Inflated unique device numbers in unique_devices_per_project_family_daily/monthly

Status Closed
Severity High
Business data steward Omari Sefu
Technical data steward Andreas Hoelzl
Incident coordinator Omari Sefu, Andreas Hoelzl
Incident response team Joseph Allemandou(lead data engineer), Antoine Quhen, Hamid Ghani (lead analyst), Maya Kampurath
Date detected Sep 20, 2024
Date resolved Nov 1, 2024 Jan 27, 2025(2nd stage backfill)
Start of issue June 2024 -  start of current calculation

July 2024 -  observed as a significant anomaly due to the change in traffic patterns

Phabricator ticket T373630, T374655 (not public)  

Summary

In early September, the Research & Decision Science team detected inflated year-over-year growth of unique devices caused by bot traffic on page redirects (see monthly Movement Metrics) impacting the July and August 2024 timeframe.
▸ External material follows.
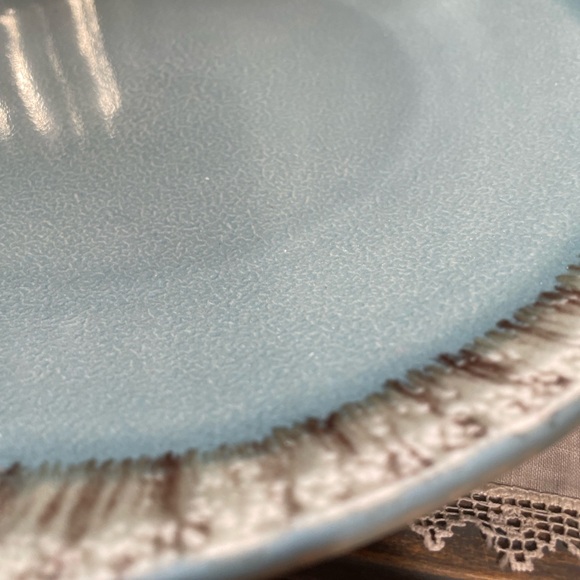 Pier 1 blue handpainted stoneware dinner plate - Picture 14 of 17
unique_devices_per_project_family_daily|monthly tables in the data lake use web traffic from is_redirect_to_pageview web requests to compute unique device counts.  However, our automata labeling is not applied to is_redirect_to_pageview flagged web traffic.  

In October a suspicious unique device count increase for Singapore was detected and escalated: T377257 (“automated traffic detection to be applied at the project family level”). The problem however also impacted other countries and regions, e.g. in the US, we estimate that pageviews were overcounted by approximately 4%.

Unique device counts were affected between July 2024 and November 2024. Numbers that were reported during those time periods were inflated.

The corrections and backfills of the data were completed at the end of January 2025. The backfills corrected data between August and November 2024. We were unable to backfill the July 2024 data, so those numbers remain inflated.

Impact assessment

Inflation due to inappropriate handling of bot traffic on page redirects Inflation due to classifying bots on a per-domain basis rather than across projects
Estimated impact to global unique devices ~11% ~4%
Estimated impact to US unique devices 14% 1% overcount

Between Aug and Nov, we estimate a 1% overcount of monthly unique devices in the US related to this issue. The majority of impacts are localized within Singapore

Estimated impact to Singapore  unique devices 90% (7M→750k)
Estimated impact to global pageviews None (redirects are not in pageviews) ~3% (traffic will be recategorized as automated)
Estimated impact to US pageviews None ~4%
Time periods of the issue Majority of issues occurred in July, August, some September. (October was affected but not as strongly) Majority of issues occurred in September and October; some issues were in August and some in November
Fix in place? Since end of October / start of November Since beginning of December

Project family fix estimates already includes the redirect fix.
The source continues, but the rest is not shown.